During class, we sort of downplayed the role the BriBri heritage of the boys shapes their lives, but, in retrospect, I think we overlooked how important this was to the resolution of the story, particularly in terms of Jay. His relationship to the land, to gardening are connected to how Jay heals. It is not insignificant that the novel ends with Jay intending to return to the land of his people to start anew. “Survivance” is a good way to describe how Jay in particular finishes his story.
1 April 2025 (no fooling)
Thank you all for your excellent and thoughtful work with Lamb. Reading what you all had to say about the novel, particularly in relationship to To Kill a Mockingbird, I saw a few trends in what folks had to say.
I particularly liked Gabby Sleeper looking back to her own post on To Kill a Mockingbird and looking at contrasting two scenes where white people entered into the spaces of Black people. She considered Marny’s very unwelcome visit to Lamb’s house versus Scout’s experience (real or imagined) at Cal’s church.
Megan Johnson and Emily Graham looked at the novels from a cultural perspective. Megan considered social class in addition to race as determining factors in the novel.
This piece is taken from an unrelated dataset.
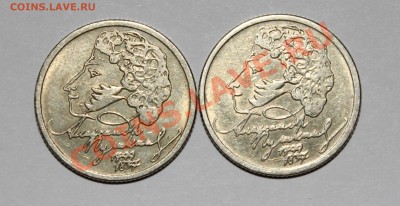 2 руб.города-герои, Гагарин ММД, 1руб.СНГ до 22-00Мск 30.03. - 2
She saw it as a left turn, but I don’t know that it’s so out there. Class functions differently than race, certainly, but we really see how class impacts the relationship of characters in both novels, in addition to race, Part of Marny’s sense of liberty comes from her social class as much as her whiteness. Emily was interested in looking at the novel historically, the particular way that looking at how Lamb’s father’s experience as a returning veteran after WWI tells us, without saying it explicitly, the experience of Black Americans between the wars.
Overwhelmingly, though, folks were focused on the difference in experience between out two main characters, Scout and Lamb. Caitlynn Kelly pointed out, as many of you did, that their “lived experience” provided wildly different contexts for characters that embodied many of the same qualities. Particularly, she pointed out the naivete that Scout was permitted that Lamb was not. This was echoed in Megan Leblanc’s and Diane Gentile’s and Ryan Juliano's posts. Kaitlynn Davis talked about this in terms of agency, which I think is an exceptionally apt term. I thought a lot about their names: what is a scout? What is a lamb? What does that alone say about what their lived experiences were?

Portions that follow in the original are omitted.